Ranil Wickremesinghe said President Chandrika Kumaratunga's surprise action on Tuesday was calculated to sabotage the peace process with Tamil Tiger rebels.
Speaking in Washington, he said: "I pledge to you that your government will not allow this desperate and irresponsible attempt to undermine the peace process... to succeed."
Kumaratunga's move is being seen as a prelude to snap elections and a blow to the country's peace process.
The president, whose party is in parliamentary opposition, dismissed three ministers including Defence Minister Tilak Marapana, whom she had earlier accused of granting too many concessions to the Tamil rebels.
Western and Asian diplomats said they believed the political crisis between Kumaratunga and the cohabitation government would have a serious impact on Norway's attempts to revive the island's stalled peace process.
A senior government minister has said he expects Kumaratunga to call fresh elections after the suspension of parliament lapses on 19 November.
"As much as the government has few options to check the president, she too can't do much to run an administration like this... The only way out is a snap election."
"I pledge to you that your government will not allow this desperate and irresponsible attempt to undermine the peace process... to succeed"
Sri Lankan prime minister
The minister added the government was ready to face an election as it was confident of improving its majority, and the party would face the vote with Kumaratunga controlling the vital state media, security forces and the police.

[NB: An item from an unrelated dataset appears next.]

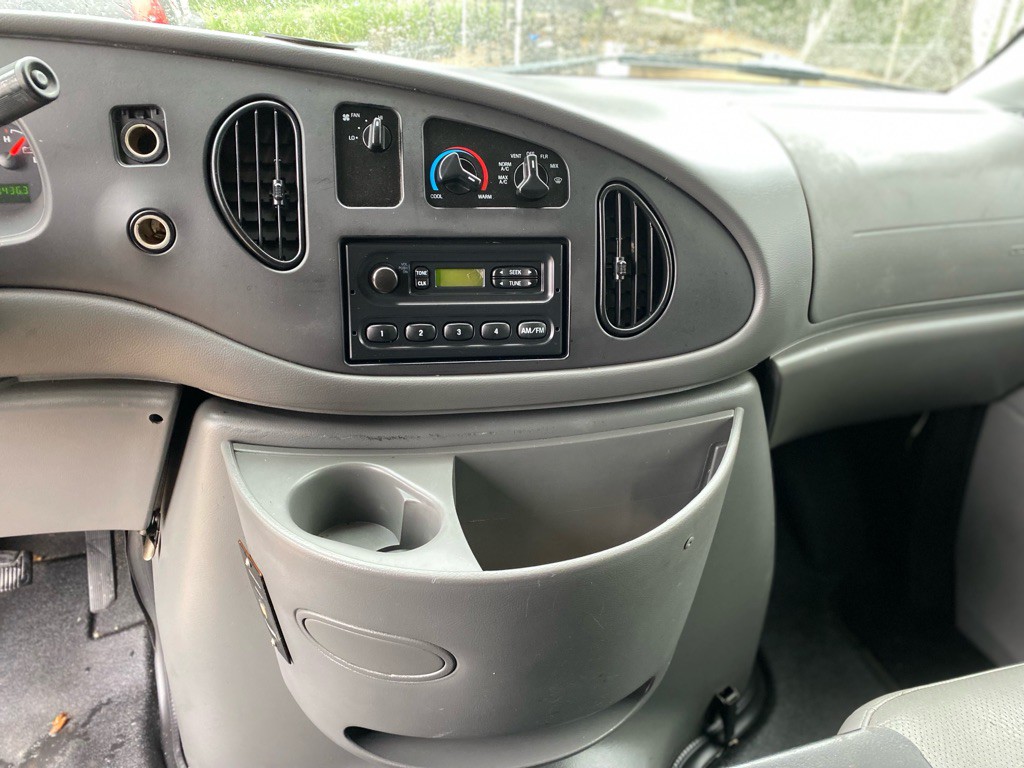 2004 Ford Econoline Image 15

A government under Kumaratunga's party was elected in October 2000, but collapsed in a year amid defections. In December 2001, her arch rival Ranil Wickremesinghe became prime minister by winning new parliamentary polls.
Tamil separatist conflict
Wickremesinghe revived the Norwegian-brokered peace process to end the Tamil separatist conflict, which has claimed at least 60,000 lives in more than three decades.

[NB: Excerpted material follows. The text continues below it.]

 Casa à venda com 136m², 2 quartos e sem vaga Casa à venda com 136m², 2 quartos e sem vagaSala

He has received strong international support and is due on Wednesday to meet US President George Bush at the White House.
The Tigers said on Saturday they would end an eight-month boycott of peace talks and unveil their first blueprint for power-sharing.

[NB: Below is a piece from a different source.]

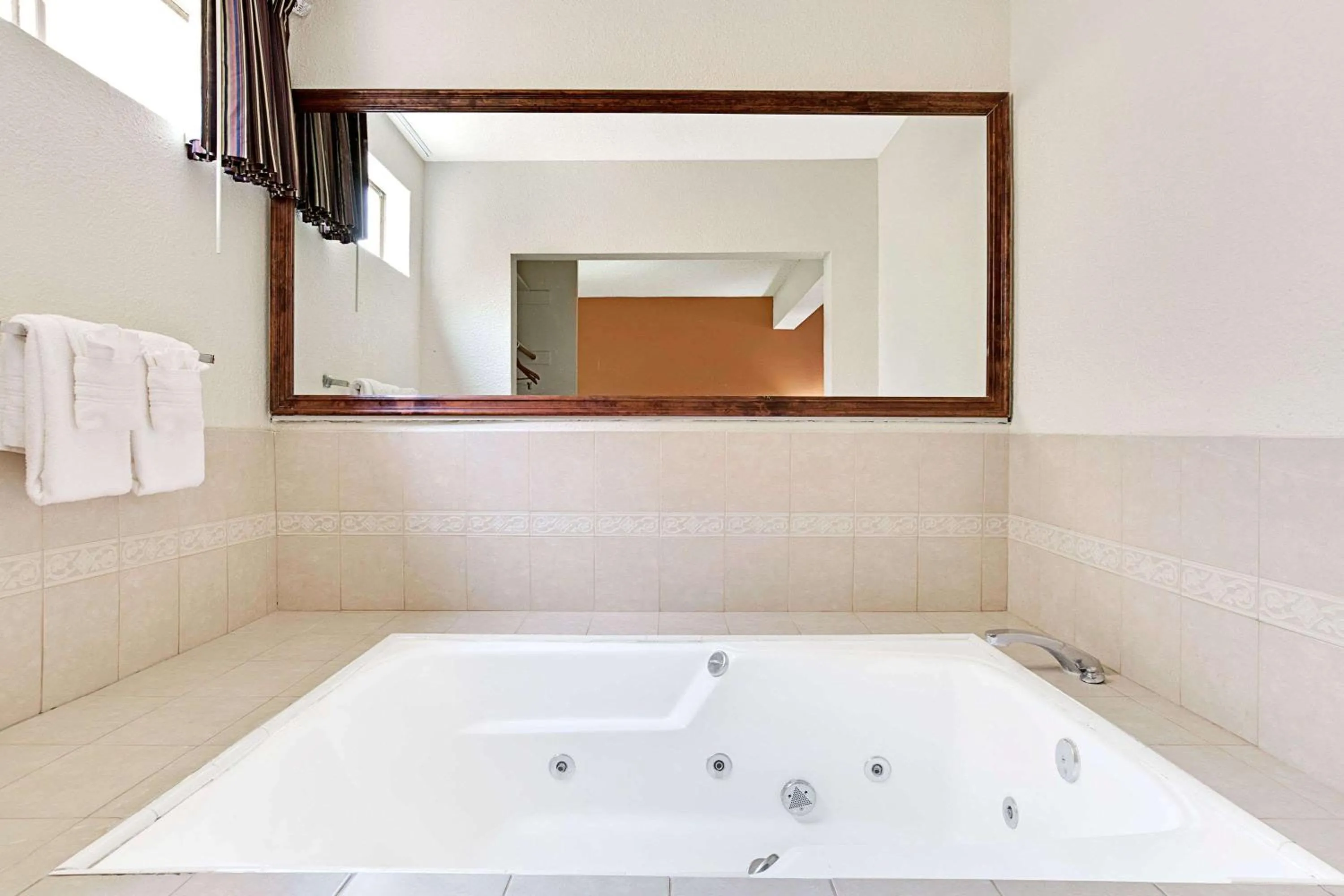 Photo of the whole room, Bathroom in Vivo Flex Living Torrance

The proposal would turn Sri Lanka into a de facto federal state with more power for the rebels in the northeast of the island where the Tamil minority is dominant.
But Kumaratunga's party has rejected the rebels' plan as a stepping stone for a separate state.
Kumaratunga, who narrowly survived a Tiger assassination attempt in 1999, has repeatedly criticised the government for its concessions to the rebels.
The president also ordered troops to state presses and the state television and radio stations after dismissing the defence, interior and information ministers.
Government troops are guarding
key official buildings
Moderate Tamils said the political instability in the capital undermined peace attempts as it could strengthen the rebel argument that the majority Sinhalese were not serious about a solution.
A Tamil legislator, who does not support the rebels, said a snap election could see the Tigers entering parliament for the first time.
"This would be an opportunity for the Tigers to contest national elections and earn the legitimacy they have been craving," said the Tamil MP, on condition of anonymity.
Parliamentary elections are not due until December 2007, but Kumaratunga's term as president runs until December 2005.